Alkolik içecekler ayrıca, fermantasyon ve üretim sırasında ortaya çıkan nitrozaminler, asbeste lifler, fenoller ve hidrokarbonlar gibi çeşitli kanserojen kontaminantlar içerebilir.

Alkol tüketiminin bazı kanserlerin risklerini nasıl azalttığına dair mekanizmalar anlaşılmamaktadır ve dolaylı olabilir.

Alkol ve tütün kombinasyonu kanser riskini nasıl etkiler?

Epidemiyolojik araştırmalar, hem alkol hem de tütün kullanan kişilerin, yalnızca alkol veya tütün kullanan kişilere göre ağız boşluğu, farinks (boğaz), gırtlak ve yemek borusu kanserlerine yakalanma riskinin çok daha yüksek olduğunu göstermektedir. Aslında, ağız ve farinks kanserleri için, hem alkol hem de tütün kullanma ilişkileri çarpansaldır; yani, alkol ve tütünle ilişkili bireysel risklerin toplamından daha yüksektir.

Kırmızı şarap içmek kanseri önlemeye yardımcı olabilir mi?

Kırmızı şarap ve bazı diğer bitkilerde bulunan resveratrol, birçok sağlık etkisi, özellikle kanser önleme hakkında araştırılmıştır. Ancak, araştırmacılar orta düzeyde kırmızı şarap tüketimi ile prostat kanseri veya kolorektal kanser gelişim riski arasında bir ilişki bulamamıştır.

Bir kişi alkol içmeyi bıraktığında kanser riski ne olur?

Alkol tüketiminin bırakmasının kanser riskini azaltıp azaltmadığını inceleyen çoğu çalışma, baş ve boyun kanserleri ile yemek borusu kanserine odaklanmıştır. Genel olarak, bu çalışmalar alkol tüketiminin bırakılmasının hemen kanser riskinde bir azalma ile ilişkili olmadığını göstermektedir. Kanser riskleri zamanla azalmakla birlikte, risklerin asla içmeyenlerin düzeyine dönmesi yıllar alabilir.

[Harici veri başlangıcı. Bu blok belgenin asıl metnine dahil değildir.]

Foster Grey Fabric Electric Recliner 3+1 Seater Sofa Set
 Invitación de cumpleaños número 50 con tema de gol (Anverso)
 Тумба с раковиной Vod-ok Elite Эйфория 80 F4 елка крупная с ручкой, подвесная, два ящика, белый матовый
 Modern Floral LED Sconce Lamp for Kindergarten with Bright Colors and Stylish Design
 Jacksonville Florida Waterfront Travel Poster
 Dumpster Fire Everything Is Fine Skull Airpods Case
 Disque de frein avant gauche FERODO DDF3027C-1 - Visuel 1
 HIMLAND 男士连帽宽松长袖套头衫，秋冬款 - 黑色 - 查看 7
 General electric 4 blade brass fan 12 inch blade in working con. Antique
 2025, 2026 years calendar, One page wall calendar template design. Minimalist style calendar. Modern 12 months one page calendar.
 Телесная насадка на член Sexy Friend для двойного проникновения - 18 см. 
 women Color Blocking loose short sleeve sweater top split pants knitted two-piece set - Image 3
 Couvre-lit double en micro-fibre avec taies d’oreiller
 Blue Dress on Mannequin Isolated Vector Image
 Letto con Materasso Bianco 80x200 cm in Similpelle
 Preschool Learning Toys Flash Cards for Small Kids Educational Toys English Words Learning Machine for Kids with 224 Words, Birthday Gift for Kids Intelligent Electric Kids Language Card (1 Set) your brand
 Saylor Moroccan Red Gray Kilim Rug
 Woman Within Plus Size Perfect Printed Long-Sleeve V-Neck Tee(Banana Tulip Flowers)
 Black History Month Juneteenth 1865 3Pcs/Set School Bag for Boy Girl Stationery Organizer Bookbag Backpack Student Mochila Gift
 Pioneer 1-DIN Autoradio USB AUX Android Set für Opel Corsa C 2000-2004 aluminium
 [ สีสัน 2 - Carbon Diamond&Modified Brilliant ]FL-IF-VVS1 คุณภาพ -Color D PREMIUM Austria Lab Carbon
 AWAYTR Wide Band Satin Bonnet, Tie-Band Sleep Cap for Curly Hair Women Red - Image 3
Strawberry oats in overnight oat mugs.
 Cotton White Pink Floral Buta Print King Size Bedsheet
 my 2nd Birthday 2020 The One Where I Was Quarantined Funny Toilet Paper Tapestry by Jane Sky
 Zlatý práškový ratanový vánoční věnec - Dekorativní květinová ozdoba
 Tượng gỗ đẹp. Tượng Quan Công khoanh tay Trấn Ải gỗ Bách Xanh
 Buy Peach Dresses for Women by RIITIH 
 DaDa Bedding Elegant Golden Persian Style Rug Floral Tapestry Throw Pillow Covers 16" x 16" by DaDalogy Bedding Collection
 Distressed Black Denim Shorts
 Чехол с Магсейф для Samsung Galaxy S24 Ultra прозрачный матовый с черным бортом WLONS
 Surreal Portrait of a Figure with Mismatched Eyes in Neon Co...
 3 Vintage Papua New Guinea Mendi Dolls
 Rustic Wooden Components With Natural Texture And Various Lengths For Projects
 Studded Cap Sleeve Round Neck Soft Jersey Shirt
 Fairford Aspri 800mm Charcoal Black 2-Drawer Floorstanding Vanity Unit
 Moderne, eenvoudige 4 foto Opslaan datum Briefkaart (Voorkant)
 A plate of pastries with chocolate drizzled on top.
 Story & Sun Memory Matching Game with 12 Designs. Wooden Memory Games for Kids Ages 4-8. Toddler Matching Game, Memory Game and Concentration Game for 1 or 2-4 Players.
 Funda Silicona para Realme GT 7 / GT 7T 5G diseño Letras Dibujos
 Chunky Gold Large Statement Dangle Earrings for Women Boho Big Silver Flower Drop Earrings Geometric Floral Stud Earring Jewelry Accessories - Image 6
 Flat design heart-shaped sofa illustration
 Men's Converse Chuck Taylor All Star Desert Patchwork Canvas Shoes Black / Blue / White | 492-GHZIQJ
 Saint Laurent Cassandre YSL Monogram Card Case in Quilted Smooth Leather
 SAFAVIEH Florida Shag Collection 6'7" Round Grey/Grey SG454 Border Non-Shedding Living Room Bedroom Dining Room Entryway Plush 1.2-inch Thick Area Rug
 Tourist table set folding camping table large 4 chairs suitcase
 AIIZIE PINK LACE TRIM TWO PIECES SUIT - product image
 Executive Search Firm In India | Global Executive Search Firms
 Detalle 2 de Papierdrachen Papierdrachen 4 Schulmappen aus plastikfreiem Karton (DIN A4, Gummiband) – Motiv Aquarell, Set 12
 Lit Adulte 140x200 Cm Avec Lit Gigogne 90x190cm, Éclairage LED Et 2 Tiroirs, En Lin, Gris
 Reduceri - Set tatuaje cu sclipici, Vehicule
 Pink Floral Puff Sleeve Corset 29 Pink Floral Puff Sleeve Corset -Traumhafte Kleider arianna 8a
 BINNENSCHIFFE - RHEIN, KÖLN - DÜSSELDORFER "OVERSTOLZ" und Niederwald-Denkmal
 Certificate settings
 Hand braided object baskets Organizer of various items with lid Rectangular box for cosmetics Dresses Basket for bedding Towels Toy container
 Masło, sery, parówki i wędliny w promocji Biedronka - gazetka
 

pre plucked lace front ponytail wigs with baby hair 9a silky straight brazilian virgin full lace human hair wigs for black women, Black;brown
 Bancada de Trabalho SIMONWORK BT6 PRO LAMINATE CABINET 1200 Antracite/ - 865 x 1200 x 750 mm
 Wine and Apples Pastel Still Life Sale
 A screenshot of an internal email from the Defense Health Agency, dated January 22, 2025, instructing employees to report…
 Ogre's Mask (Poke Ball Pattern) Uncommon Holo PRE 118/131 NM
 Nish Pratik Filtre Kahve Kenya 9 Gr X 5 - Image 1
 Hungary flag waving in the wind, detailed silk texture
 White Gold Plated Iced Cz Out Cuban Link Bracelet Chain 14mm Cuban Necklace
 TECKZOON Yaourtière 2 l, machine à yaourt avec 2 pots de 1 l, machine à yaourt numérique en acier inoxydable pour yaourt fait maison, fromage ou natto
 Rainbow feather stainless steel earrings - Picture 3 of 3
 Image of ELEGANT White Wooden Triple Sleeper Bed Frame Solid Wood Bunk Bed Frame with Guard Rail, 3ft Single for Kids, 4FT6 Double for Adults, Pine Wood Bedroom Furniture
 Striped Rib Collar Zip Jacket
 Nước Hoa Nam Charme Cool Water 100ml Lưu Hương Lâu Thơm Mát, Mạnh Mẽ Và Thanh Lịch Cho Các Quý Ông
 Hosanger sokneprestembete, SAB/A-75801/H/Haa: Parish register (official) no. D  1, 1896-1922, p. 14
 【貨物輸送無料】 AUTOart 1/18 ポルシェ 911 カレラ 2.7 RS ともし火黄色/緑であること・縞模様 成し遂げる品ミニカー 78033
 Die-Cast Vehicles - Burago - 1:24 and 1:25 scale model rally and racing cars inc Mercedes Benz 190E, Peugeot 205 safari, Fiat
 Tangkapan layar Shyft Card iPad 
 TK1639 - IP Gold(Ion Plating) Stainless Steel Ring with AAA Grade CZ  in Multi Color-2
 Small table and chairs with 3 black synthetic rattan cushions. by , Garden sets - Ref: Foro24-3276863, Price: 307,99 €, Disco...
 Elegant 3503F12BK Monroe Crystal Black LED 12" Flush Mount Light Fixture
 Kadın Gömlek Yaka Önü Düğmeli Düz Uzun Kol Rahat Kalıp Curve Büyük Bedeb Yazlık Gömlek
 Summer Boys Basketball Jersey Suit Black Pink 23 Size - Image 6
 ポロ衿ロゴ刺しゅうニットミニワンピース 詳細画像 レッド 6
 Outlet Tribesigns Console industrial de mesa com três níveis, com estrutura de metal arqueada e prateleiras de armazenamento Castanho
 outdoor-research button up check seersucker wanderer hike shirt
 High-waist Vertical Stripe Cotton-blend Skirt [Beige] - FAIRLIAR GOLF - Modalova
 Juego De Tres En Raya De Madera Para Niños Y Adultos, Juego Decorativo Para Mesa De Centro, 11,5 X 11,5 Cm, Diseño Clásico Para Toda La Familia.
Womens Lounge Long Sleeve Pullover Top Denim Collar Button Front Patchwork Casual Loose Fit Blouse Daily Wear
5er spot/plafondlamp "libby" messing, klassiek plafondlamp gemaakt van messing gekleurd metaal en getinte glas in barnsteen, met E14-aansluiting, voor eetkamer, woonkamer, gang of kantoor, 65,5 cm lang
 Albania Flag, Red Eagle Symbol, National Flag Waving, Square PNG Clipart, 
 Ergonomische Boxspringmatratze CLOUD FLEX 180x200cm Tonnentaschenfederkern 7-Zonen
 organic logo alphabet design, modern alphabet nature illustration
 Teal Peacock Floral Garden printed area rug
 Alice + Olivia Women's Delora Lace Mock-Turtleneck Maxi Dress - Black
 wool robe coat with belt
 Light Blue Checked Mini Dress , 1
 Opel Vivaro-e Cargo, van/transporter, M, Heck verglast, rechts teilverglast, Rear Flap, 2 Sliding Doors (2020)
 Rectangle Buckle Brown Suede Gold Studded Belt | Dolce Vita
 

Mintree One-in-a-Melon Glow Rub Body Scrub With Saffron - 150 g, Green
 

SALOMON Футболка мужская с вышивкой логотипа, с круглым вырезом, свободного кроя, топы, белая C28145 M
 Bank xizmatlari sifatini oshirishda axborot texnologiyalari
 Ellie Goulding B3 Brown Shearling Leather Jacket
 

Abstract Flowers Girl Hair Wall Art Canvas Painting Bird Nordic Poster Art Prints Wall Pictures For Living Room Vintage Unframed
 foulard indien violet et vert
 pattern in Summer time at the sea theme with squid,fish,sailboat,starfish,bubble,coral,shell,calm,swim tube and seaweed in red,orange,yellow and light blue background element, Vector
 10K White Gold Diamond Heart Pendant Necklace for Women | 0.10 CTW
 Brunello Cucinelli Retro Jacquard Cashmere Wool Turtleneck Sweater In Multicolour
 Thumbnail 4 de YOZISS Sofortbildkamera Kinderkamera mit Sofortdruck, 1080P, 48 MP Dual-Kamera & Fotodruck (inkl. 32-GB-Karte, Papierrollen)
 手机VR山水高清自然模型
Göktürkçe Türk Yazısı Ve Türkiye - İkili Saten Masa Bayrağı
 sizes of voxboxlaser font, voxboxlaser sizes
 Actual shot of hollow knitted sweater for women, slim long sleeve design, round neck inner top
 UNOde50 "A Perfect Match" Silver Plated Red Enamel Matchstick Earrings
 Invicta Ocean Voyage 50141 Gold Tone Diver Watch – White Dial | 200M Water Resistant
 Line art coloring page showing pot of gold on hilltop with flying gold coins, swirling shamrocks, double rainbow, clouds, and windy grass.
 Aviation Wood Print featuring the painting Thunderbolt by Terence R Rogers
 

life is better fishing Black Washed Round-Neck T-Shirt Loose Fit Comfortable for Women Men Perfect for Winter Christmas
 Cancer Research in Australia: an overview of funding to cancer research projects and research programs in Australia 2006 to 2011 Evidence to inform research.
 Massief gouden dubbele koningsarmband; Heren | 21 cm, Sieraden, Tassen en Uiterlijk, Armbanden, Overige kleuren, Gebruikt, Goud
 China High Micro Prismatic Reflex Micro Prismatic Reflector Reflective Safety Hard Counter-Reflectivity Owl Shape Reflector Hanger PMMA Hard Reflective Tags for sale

Örneğin, alkol almayı bırakanlar, alkol tüketmeyenlere göre 16 yıl sonra bile ağız boşluğu ve farinks kanserleri açısından daha yüksek risk taşımaktaydı, ancak bu risk daha önceki seviyeden düşüktü. Bir çalışma, alkol tüketimi ile ilişkili gırtlak ve farinks kanserleri için daha yüksek risklerin, alkol tüketmeyenlerin seviyesine inmesinin 35 yıldan fazla süreceğini tahmin etmiştir.

Bir kişi kanser kemoterapi tedavisi görürken alkol içmesi güvenli midir?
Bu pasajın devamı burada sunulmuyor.